DATA SECTION:

[Start of Attachment]

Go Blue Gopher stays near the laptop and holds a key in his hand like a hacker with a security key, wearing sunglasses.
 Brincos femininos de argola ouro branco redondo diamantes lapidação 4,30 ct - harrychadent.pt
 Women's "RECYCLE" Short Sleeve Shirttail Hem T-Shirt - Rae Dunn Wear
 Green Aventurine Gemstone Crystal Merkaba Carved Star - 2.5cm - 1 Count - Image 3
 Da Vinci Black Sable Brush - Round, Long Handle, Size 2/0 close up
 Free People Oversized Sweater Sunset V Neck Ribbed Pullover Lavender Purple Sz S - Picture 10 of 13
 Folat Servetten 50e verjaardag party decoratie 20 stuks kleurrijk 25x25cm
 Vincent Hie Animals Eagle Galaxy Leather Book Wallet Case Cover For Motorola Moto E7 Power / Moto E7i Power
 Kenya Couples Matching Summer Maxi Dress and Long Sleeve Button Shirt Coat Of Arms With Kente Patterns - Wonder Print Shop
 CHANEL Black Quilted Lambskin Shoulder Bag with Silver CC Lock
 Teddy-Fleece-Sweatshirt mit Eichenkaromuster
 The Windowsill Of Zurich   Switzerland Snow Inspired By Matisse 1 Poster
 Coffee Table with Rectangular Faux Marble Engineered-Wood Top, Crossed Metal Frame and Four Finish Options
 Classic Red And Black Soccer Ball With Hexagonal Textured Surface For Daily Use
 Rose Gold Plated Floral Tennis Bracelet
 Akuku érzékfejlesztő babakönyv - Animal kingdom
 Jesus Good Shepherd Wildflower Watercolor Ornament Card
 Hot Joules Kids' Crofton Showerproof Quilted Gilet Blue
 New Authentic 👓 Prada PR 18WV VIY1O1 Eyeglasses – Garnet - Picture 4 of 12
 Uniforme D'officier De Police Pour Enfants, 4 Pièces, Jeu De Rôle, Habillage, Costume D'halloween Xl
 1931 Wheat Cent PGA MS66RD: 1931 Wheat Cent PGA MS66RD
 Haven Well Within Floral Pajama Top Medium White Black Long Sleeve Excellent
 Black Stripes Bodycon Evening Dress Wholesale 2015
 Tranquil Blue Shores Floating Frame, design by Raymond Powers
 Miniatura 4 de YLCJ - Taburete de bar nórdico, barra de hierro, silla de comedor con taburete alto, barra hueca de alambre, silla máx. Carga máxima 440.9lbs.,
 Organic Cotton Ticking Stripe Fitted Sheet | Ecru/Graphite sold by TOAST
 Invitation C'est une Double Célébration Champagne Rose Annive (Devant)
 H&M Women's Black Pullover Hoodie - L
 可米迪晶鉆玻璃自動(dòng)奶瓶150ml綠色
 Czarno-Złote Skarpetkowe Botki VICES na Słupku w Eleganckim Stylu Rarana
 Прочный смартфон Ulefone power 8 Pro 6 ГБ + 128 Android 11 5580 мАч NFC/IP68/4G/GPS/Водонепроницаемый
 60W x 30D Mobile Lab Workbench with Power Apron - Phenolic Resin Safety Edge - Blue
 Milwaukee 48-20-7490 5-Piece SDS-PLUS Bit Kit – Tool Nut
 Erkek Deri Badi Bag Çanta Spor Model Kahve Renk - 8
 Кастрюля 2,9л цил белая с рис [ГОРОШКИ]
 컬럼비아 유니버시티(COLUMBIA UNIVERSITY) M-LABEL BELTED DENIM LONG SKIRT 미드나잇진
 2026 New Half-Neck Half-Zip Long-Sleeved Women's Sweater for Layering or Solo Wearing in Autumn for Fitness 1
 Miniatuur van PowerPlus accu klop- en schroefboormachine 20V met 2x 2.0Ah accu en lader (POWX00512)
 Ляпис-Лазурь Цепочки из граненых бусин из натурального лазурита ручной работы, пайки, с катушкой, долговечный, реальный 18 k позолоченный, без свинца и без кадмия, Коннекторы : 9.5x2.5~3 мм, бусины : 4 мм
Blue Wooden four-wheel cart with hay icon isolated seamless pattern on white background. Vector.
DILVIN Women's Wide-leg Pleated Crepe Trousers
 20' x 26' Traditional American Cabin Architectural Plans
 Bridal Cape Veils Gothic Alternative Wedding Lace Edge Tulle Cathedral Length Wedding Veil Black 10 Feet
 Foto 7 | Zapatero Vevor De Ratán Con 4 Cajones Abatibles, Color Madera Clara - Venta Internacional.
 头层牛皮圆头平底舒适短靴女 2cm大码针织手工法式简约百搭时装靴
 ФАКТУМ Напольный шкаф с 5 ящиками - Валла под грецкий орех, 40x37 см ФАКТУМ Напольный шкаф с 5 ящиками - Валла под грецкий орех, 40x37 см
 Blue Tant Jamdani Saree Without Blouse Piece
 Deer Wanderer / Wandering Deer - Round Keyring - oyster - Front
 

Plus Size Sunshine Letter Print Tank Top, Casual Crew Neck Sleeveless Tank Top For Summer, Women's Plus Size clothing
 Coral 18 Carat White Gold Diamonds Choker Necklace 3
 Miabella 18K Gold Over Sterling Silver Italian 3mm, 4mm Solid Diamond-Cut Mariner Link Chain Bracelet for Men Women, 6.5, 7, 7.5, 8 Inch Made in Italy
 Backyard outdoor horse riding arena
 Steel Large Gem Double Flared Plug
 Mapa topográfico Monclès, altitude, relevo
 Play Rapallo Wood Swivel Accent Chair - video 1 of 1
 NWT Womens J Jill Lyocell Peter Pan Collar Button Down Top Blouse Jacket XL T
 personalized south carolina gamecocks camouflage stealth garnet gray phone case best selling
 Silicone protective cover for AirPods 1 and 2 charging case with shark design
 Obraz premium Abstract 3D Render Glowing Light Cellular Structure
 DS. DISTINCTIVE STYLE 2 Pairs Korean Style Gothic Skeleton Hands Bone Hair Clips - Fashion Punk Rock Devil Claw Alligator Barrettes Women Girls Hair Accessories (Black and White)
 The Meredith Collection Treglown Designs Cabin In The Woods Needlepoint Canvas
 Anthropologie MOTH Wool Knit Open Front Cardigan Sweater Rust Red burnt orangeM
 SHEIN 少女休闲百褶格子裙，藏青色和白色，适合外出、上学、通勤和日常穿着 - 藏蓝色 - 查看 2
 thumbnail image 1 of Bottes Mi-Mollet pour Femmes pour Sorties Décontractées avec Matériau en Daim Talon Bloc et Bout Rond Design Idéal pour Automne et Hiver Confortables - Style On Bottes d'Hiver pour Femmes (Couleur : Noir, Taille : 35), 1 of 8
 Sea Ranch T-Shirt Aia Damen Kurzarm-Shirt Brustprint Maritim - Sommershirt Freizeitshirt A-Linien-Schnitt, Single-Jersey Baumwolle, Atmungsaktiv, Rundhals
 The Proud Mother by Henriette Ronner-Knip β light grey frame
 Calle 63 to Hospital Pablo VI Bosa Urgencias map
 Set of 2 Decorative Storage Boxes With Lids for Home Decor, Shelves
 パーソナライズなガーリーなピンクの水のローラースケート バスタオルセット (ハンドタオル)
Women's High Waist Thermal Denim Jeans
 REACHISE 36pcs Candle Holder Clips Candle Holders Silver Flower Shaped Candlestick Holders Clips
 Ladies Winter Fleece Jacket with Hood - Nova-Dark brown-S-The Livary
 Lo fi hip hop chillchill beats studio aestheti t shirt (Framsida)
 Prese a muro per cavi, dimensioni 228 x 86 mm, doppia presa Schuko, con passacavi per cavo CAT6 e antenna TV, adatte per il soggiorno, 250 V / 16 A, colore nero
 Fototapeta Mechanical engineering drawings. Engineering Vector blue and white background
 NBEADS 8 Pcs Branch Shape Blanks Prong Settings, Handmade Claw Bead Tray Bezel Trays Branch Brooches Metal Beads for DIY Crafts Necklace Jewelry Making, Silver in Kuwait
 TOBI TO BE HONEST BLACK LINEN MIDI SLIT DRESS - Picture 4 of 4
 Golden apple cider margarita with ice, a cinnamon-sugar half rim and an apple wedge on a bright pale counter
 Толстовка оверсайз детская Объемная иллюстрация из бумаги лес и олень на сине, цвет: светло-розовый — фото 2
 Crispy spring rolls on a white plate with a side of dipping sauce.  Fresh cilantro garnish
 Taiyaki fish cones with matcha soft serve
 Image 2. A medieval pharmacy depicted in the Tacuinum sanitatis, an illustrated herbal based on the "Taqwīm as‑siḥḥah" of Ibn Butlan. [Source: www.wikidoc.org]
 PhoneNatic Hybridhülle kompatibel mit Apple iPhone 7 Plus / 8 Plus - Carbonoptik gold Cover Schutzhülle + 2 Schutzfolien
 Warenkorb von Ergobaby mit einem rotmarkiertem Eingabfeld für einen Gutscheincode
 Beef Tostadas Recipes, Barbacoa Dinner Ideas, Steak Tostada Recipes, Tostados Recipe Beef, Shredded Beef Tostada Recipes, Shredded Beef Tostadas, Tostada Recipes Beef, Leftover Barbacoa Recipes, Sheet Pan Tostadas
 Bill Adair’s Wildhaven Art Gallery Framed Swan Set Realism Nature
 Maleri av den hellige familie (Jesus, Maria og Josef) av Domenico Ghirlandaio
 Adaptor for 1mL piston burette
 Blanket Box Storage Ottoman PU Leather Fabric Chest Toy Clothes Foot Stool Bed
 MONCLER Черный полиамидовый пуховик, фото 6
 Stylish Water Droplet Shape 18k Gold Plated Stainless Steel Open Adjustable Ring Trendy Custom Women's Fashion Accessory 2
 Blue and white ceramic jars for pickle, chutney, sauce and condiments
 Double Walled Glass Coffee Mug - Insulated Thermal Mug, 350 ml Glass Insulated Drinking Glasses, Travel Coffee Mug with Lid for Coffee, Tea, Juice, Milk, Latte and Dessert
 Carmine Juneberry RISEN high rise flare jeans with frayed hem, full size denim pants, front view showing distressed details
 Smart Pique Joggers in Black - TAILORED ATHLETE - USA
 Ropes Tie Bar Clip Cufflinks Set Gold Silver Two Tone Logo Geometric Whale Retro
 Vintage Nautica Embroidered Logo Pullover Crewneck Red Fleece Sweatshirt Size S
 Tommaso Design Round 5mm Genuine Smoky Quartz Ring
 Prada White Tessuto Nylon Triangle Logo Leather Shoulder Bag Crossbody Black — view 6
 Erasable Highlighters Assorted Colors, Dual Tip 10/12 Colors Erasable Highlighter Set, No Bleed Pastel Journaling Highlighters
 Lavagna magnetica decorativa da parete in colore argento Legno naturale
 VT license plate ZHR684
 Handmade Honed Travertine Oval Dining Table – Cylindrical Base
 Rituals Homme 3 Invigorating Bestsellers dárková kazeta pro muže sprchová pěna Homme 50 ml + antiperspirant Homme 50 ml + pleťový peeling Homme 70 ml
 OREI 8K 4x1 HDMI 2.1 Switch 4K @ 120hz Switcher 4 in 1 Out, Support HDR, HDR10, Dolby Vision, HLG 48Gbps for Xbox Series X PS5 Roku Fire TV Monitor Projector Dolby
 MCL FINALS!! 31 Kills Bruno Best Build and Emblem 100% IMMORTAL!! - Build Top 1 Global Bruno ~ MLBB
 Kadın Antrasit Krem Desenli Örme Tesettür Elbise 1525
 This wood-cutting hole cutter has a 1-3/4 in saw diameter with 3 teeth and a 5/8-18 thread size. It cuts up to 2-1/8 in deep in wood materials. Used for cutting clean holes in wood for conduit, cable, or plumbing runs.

[End of Attachment]

EXERCISE: Nothing should appear in the output except the lines from the one with "VT license plate ZHR684" through the end of the records above, copied exactly.

EXERCISE SOLUTION:
 VT license plate ZHR684
 Handmade Honed Travertine Oval Dining Table – Cylindrical Base
 Rituals Homme 3 Invigorating Bestsellers dárková kazeta pro muže sprchová pěna Homme 50 ml + antiperspirant Homme 50 ml + pleťový peeling Homme 70 ml
 OREI 8K 4x1 HDMI 2.1 Switch 4K @ 120hz Switcher 4 in 1 Out, Support HDR, HDR10, Dolby Vision, HLG 48Gbps for Xbox Series X PS5 Roku Fire TV Monitor Projector Dolby
 MCL FINALS!! 31 Kills Bruno Best Build and Emblem 100% IMMORTAL!! - Build Top 1 Global Bruno ~ MLBB
 Kadın Antrasit Krem Desenli Örme Tesettür Elbise 1525
 This wood-cutting hole cutter has a 1-3/4 in saw diameter with 3 teeth and a 5/8-18 thread size. It cuts up to 2-1/8 in deep in wood materials. Used for cutting clean holes in wood for conduit, cable, or plumbing runs.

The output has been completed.